[What the exercise asks]: Among the entries below, retype exactly the lines starting with the one with "A light blue" and going on through the one with "A little girl", but not the pictures.

Supplied material START

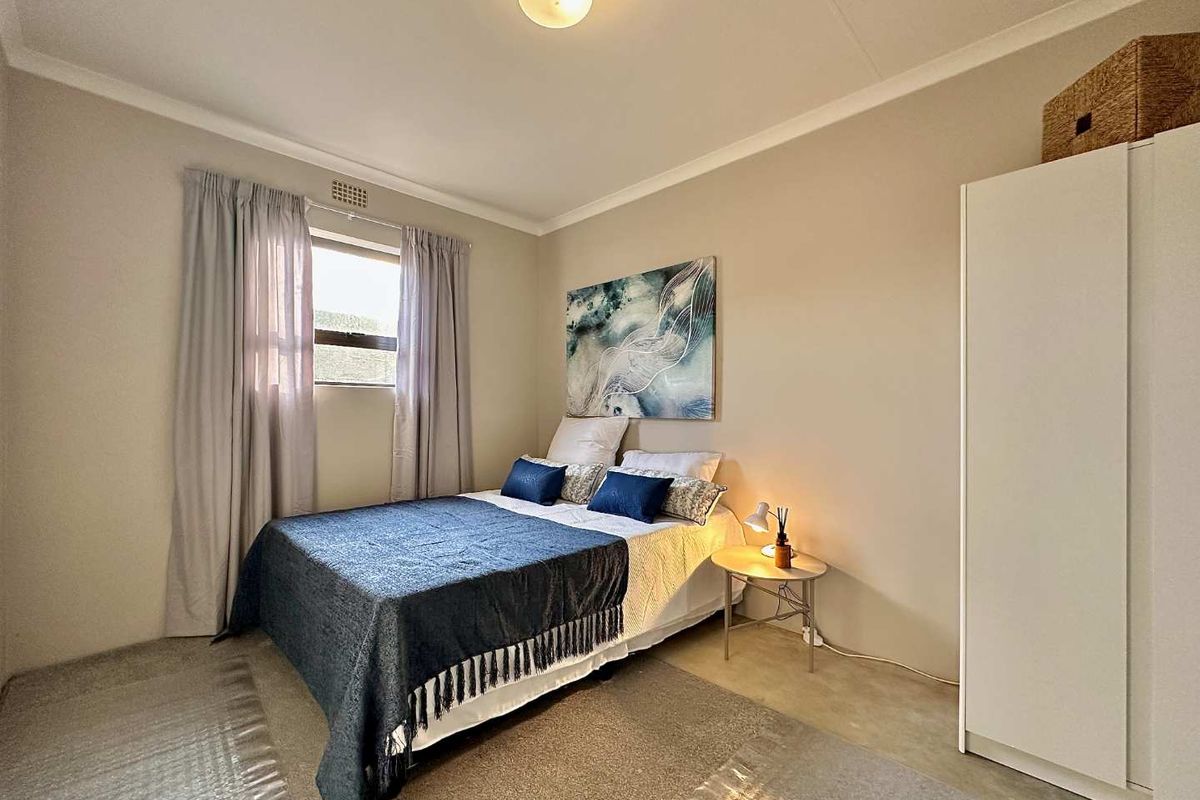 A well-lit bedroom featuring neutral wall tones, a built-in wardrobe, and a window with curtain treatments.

Supplied material END
Supplied material START

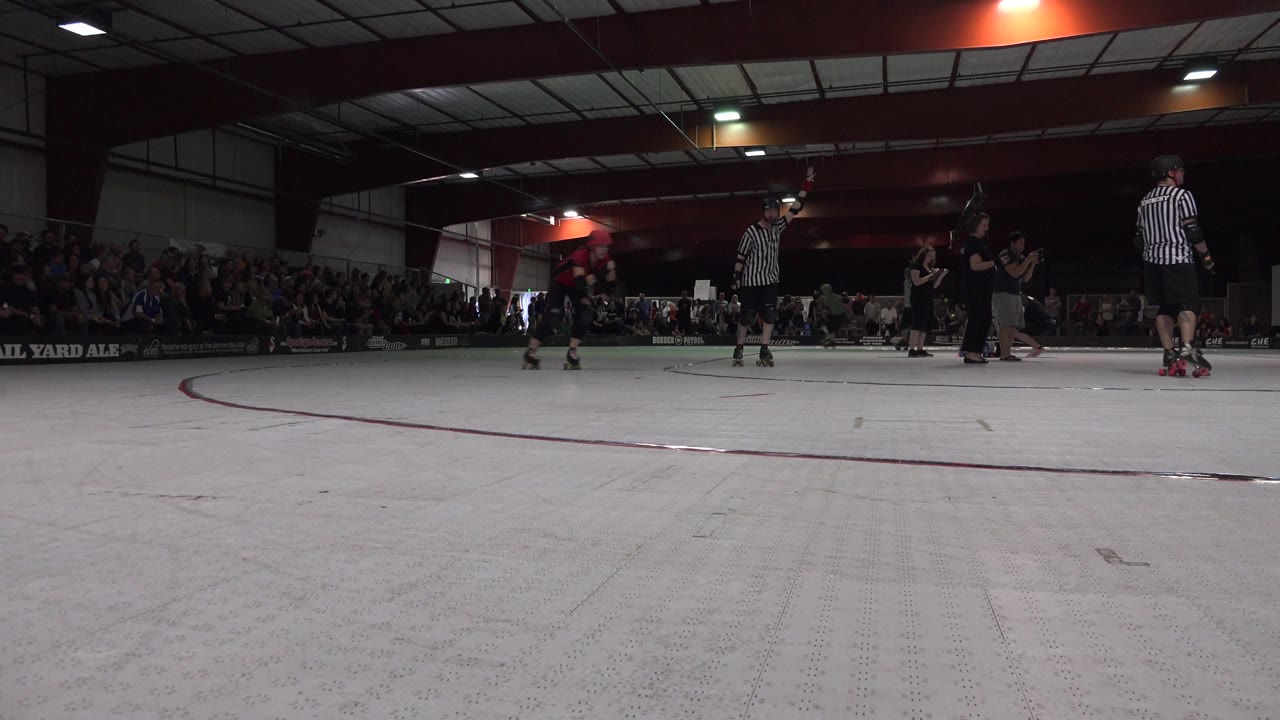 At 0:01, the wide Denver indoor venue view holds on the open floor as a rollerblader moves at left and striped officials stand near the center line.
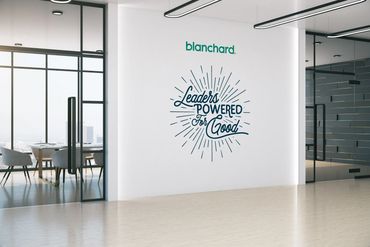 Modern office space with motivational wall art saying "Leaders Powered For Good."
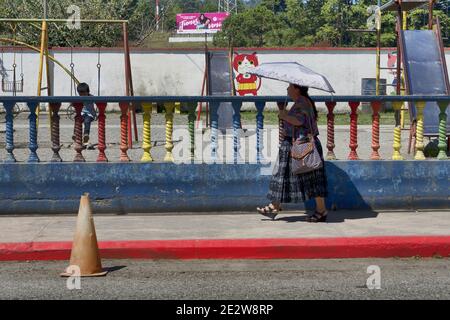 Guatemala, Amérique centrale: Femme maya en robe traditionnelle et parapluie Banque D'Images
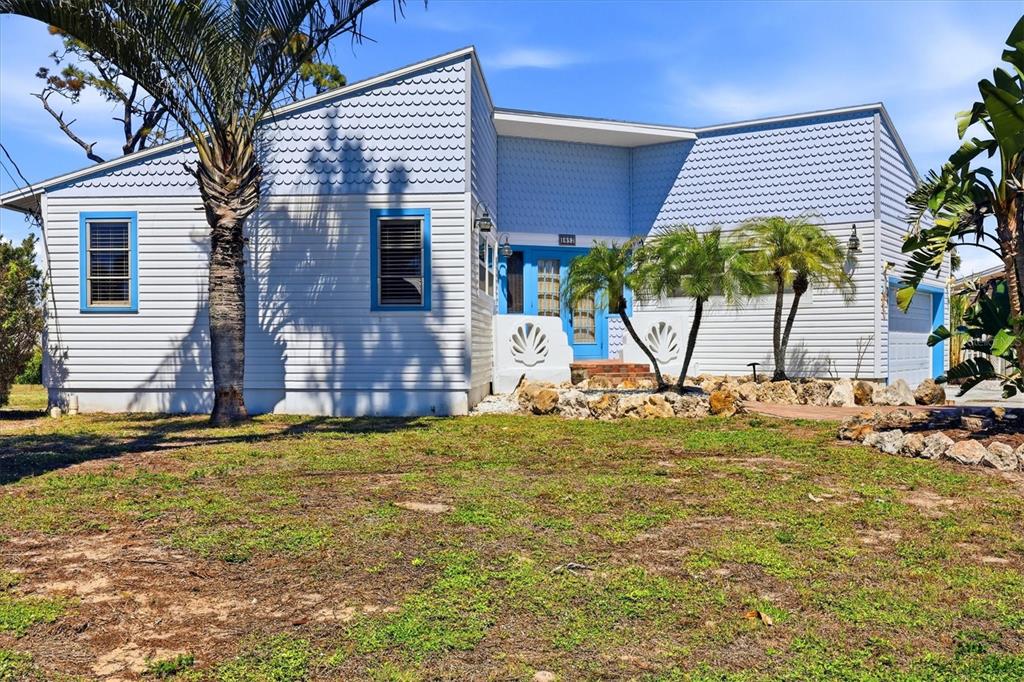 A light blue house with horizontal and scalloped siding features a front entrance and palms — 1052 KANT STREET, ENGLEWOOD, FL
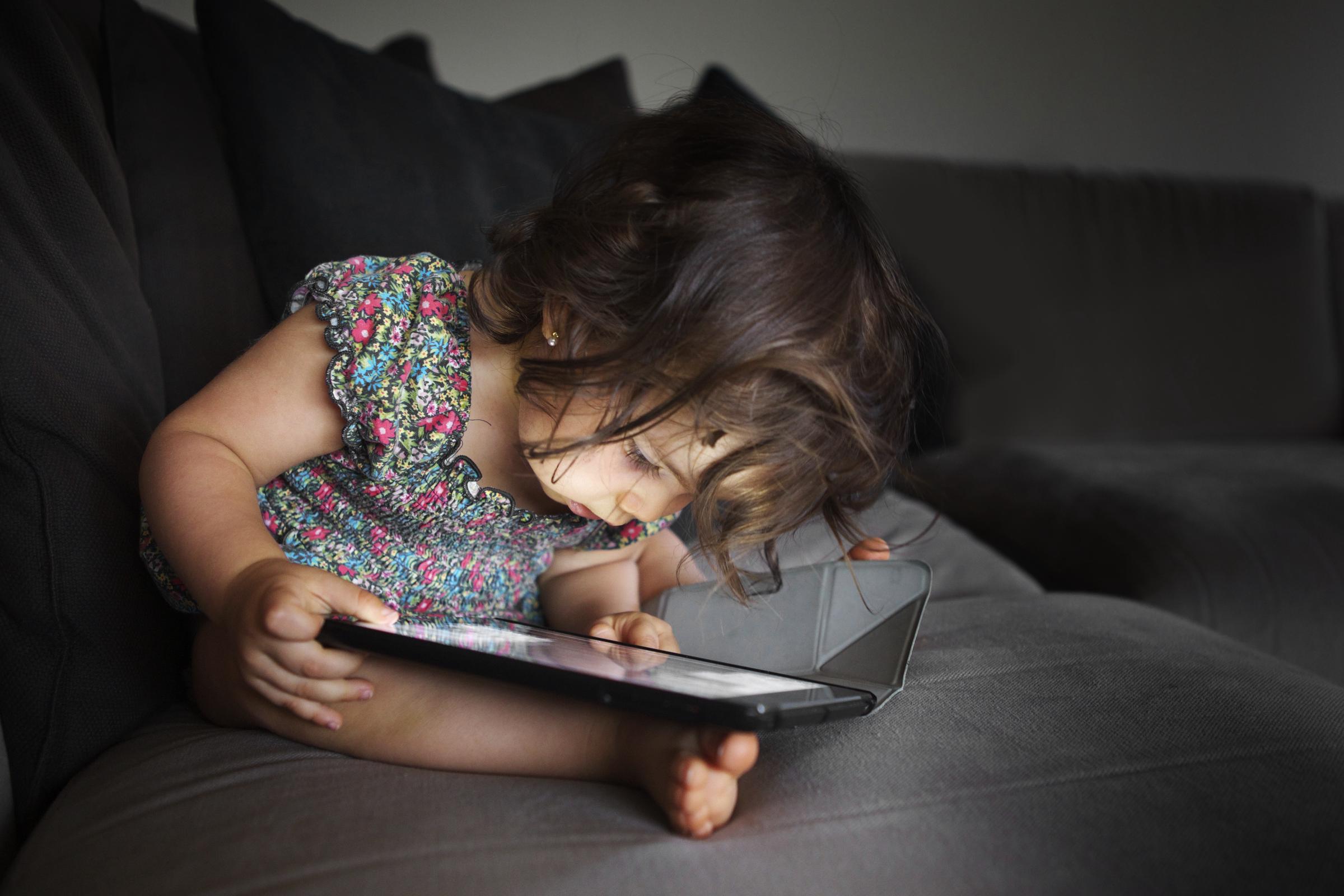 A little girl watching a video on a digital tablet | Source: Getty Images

Supplied material END
Supplied material START

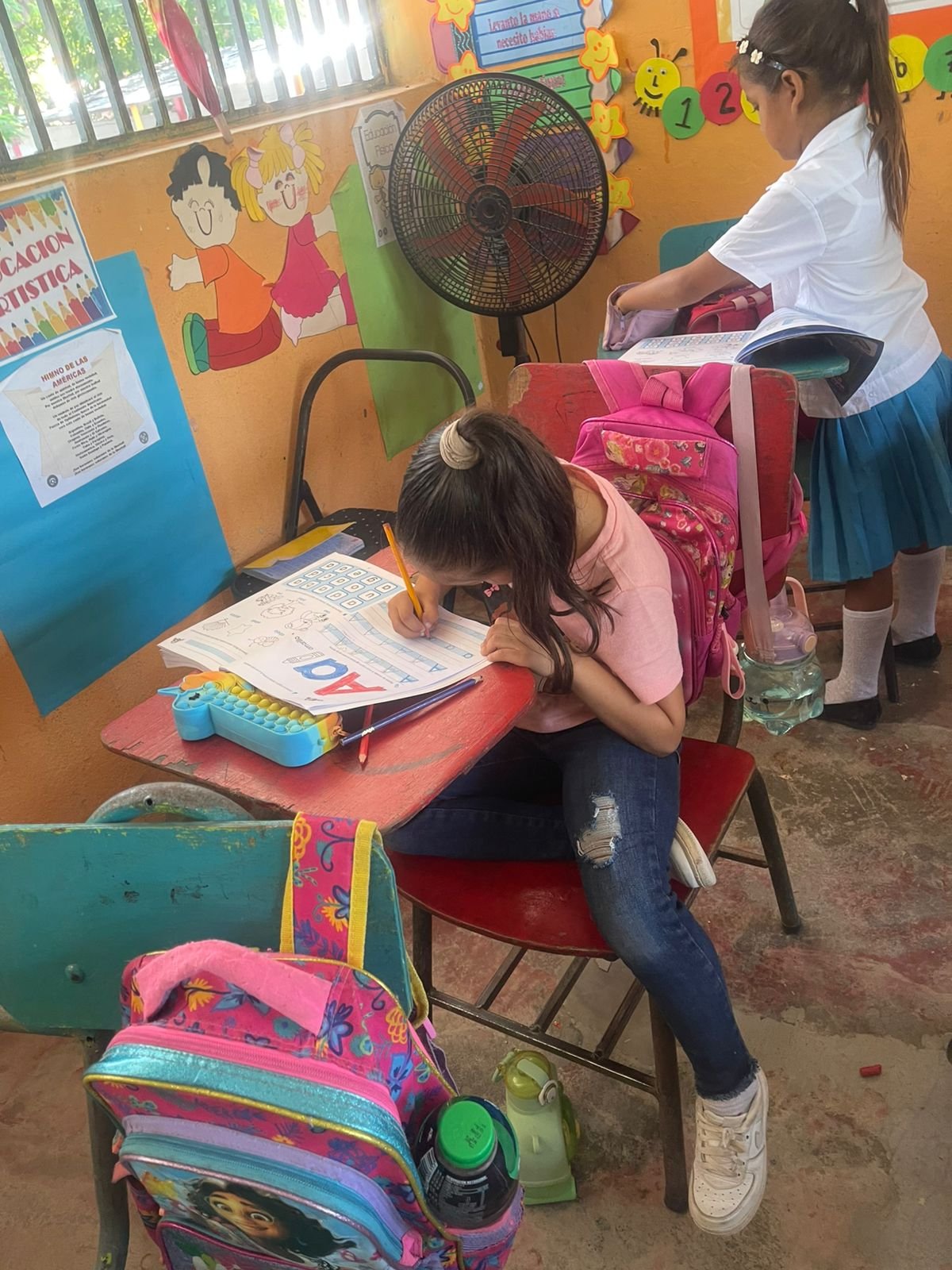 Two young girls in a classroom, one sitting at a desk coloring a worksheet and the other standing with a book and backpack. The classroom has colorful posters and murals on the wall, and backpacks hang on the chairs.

Supplied material END

[Response to this task]:
 A light blue house with horizontal and scalloped siding features a front entrance and palms — 1052 KANT STREET, ENGLEWOOD, FL
 A little girl watching a video on a digital tablet | Source: Getty Images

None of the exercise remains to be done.